Between 2006 and 2012, Oakland County saw about a 50 percent drop in home prices, says Burt. “Now we’re coming back, but we’re not yet back to the level we were at in 2006,” he said.
The drop and subsequent rebound in values has paid off for some buyers.
Oxford resident Brian Kady bought a bank-owned house on Clear Lake two years ago that was three miles from his home. He spent less than $100,000 on the house, which he fixed up himself with the intention to sell when the market got better.
Last August, he sold the two-bedroom, 1,200-square-foot cottage for $186,000.

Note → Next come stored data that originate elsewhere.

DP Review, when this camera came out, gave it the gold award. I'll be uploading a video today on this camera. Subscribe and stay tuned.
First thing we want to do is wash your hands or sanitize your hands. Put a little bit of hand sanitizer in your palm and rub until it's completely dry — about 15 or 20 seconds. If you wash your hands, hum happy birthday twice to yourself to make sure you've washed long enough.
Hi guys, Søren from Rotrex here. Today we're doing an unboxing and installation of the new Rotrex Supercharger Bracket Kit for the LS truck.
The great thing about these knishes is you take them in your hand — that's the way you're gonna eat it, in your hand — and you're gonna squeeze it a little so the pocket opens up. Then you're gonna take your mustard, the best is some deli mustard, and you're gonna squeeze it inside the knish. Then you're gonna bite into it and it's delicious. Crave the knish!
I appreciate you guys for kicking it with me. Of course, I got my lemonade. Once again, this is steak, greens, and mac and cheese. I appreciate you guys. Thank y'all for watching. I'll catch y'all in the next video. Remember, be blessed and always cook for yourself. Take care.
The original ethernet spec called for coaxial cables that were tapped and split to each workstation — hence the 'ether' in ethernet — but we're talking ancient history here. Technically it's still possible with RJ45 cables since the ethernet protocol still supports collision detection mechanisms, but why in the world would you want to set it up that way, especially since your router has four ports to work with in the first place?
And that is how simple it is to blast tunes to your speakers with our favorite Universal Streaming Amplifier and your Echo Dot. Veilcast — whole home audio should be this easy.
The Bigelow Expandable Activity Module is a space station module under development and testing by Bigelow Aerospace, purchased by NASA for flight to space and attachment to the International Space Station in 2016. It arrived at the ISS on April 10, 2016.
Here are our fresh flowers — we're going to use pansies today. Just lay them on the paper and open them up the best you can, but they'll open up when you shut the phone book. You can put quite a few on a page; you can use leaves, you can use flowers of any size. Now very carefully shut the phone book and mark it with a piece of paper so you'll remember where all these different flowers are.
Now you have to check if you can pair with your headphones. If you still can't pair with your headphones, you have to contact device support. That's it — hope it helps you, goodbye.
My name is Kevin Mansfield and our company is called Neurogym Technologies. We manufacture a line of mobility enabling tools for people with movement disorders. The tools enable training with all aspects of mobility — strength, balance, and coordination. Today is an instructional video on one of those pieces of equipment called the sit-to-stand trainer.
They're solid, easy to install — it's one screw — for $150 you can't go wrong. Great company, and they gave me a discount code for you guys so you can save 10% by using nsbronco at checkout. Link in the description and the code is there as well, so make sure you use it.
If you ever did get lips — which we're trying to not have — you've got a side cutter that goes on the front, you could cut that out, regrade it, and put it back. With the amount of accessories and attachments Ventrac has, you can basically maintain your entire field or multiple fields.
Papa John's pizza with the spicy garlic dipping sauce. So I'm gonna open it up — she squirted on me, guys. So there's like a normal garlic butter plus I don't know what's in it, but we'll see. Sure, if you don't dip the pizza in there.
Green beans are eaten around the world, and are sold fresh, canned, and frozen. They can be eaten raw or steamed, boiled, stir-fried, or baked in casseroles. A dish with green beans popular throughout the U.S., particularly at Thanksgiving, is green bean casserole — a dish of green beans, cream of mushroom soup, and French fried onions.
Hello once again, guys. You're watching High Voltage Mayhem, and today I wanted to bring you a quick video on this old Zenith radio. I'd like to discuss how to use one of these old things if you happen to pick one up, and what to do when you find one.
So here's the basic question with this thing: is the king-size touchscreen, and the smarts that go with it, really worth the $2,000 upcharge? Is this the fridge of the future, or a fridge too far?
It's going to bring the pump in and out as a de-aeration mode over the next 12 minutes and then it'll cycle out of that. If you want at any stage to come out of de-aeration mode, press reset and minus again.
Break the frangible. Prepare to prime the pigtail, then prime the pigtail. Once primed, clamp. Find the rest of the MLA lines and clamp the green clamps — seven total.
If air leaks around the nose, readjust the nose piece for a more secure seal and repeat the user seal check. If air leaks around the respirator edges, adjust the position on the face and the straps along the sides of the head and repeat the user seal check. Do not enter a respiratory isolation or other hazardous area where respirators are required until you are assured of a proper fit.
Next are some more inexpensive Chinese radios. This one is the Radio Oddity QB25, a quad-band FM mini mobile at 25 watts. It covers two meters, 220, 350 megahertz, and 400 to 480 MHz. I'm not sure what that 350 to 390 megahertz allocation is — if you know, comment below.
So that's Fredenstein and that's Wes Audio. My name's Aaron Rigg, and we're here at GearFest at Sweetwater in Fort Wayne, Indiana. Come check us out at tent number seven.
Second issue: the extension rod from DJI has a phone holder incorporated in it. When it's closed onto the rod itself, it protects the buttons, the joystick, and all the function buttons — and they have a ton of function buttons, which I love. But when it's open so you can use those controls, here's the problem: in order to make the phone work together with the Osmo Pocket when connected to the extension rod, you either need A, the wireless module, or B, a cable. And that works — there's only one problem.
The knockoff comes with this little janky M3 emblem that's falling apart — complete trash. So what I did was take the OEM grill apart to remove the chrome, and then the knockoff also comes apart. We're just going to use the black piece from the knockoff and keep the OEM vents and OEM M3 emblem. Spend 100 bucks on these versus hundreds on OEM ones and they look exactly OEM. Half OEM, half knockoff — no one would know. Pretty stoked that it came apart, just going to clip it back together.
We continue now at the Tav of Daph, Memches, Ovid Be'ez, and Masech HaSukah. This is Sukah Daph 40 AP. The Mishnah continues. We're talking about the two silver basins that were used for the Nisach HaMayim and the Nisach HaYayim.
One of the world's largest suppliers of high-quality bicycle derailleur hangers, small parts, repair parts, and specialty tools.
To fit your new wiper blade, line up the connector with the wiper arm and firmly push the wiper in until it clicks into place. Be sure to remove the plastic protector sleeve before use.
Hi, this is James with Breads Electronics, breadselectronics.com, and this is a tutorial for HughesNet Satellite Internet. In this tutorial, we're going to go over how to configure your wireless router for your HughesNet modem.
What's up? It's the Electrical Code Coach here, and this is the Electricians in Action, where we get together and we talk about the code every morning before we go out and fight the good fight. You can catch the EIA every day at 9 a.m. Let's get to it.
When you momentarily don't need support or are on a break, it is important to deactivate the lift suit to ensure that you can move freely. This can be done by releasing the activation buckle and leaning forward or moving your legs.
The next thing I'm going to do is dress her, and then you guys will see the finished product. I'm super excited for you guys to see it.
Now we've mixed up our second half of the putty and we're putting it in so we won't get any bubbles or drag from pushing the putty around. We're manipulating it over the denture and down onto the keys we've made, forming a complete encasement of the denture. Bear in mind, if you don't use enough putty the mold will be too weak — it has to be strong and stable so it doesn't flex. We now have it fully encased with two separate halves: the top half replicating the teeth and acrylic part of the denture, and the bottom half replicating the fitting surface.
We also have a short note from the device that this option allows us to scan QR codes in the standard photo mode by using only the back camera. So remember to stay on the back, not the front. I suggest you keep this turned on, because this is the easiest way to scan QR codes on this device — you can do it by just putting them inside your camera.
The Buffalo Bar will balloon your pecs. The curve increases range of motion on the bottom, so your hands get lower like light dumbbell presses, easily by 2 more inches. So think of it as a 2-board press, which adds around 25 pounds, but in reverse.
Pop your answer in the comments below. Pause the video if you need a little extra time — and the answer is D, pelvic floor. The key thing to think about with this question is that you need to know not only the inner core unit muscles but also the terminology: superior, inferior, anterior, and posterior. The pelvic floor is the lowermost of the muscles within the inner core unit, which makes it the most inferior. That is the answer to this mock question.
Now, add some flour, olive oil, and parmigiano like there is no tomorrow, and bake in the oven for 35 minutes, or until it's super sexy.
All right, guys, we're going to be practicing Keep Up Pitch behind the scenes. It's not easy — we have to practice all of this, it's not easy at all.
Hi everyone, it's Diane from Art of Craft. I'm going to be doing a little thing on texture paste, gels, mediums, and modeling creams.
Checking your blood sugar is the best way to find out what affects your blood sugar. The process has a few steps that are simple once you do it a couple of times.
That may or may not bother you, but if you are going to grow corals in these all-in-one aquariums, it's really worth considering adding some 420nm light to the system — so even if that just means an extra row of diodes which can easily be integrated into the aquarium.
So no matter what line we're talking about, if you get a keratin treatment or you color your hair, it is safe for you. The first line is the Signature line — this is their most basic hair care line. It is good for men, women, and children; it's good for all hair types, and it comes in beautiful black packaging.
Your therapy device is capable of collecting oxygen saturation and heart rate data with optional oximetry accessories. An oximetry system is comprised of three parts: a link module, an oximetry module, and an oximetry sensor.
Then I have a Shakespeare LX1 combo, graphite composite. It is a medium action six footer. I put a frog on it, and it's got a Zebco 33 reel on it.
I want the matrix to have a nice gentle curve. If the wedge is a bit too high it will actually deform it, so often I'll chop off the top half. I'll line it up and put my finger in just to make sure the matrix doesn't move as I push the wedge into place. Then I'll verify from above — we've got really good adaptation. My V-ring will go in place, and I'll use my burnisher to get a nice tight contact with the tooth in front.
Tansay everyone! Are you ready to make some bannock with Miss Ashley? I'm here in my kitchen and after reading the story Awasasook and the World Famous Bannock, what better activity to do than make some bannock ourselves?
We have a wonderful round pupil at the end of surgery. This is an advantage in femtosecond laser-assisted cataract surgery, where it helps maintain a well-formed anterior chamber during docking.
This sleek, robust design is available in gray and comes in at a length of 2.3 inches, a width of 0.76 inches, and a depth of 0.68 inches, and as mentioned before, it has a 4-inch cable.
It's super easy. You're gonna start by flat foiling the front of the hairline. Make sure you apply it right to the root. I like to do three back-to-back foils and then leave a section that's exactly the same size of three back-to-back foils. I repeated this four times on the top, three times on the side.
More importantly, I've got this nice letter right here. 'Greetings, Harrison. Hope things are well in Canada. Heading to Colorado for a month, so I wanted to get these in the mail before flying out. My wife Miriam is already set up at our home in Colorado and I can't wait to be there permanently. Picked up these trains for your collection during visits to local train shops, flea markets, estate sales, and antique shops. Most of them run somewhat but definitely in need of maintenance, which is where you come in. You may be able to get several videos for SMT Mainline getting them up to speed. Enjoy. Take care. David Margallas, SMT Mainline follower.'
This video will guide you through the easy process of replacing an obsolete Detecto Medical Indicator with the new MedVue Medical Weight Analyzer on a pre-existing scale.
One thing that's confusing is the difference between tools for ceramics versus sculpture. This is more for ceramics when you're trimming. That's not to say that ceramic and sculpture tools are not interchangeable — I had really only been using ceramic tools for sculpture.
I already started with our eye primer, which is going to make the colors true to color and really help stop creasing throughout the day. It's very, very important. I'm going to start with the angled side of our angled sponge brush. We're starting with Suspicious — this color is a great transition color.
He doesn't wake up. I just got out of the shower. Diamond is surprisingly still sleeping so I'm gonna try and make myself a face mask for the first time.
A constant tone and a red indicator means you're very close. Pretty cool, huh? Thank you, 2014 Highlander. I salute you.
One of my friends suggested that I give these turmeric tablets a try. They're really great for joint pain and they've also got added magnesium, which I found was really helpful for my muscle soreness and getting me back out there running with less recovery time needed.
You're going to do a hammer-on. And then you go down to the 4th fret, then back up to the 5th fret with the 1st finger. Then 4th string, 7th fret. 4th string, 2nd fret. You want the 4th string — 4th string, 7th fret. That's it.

“I had no idea we’d be able to sell it this quickly and for as much as we sold it for,” said Kady, who is a sales manager for an auto supplier. “I bought it at the lowest point. This area, it’s definitely coming back.”
Although property assessments may be rising for many communities, that doesn’t mean municipal finances will recover anytime soon, said Eastpointe City Manager Steve Duchane.
Proposal A, a 1994 state law, ties property taxes to inflation while limiting the amount that a community can recapture in taxable value in a given year. This year, property value increases are capped at 1.6 percent by the state. For example, if a community’s property value improves 10 percent, it would be taxed as if it rose just 1.6 percent.
Therefore, says Duchane, “a community cannot recover (tax revenue) as quickly as it can fall.”
Eastpointe‘s residential values fell 3.75 percent, the most in Macomb County. That’s better, however, than the 8.12 percent loss in 2012.
Duchane says Eastpointe has lost nearly half of its property value since 2008, with the typical homeowner paying $407 less in annual taxes since then.
He says as long as state law limits cities’ recovery, the money Eastpointe has to provide services will never return to what it was six years ago. “It’s like switching cabins on the Titanic,” said Duchane. “It really doesn’t do much except maybe offer a better view of the sinking.”
In Oakland County, the large jump in residential values helps offset a drop of about half a percentage point in commercial and industrial values, plus a $1.5 million loss from the phaseout of the personal property tax, said Dave Hieber, head of the county’s equalization division.
Steve Mellen, head of Macomb County’s equalization office, says industrial values fell about 1 percent, but he expects them to rebound too. Commercial values rose about 3.5 percent.
“Commercial and industrial dropped after residential so we’d expect them to rise later,” said Mellen. “I can see this is the bottom and commercial and industrial are going up.”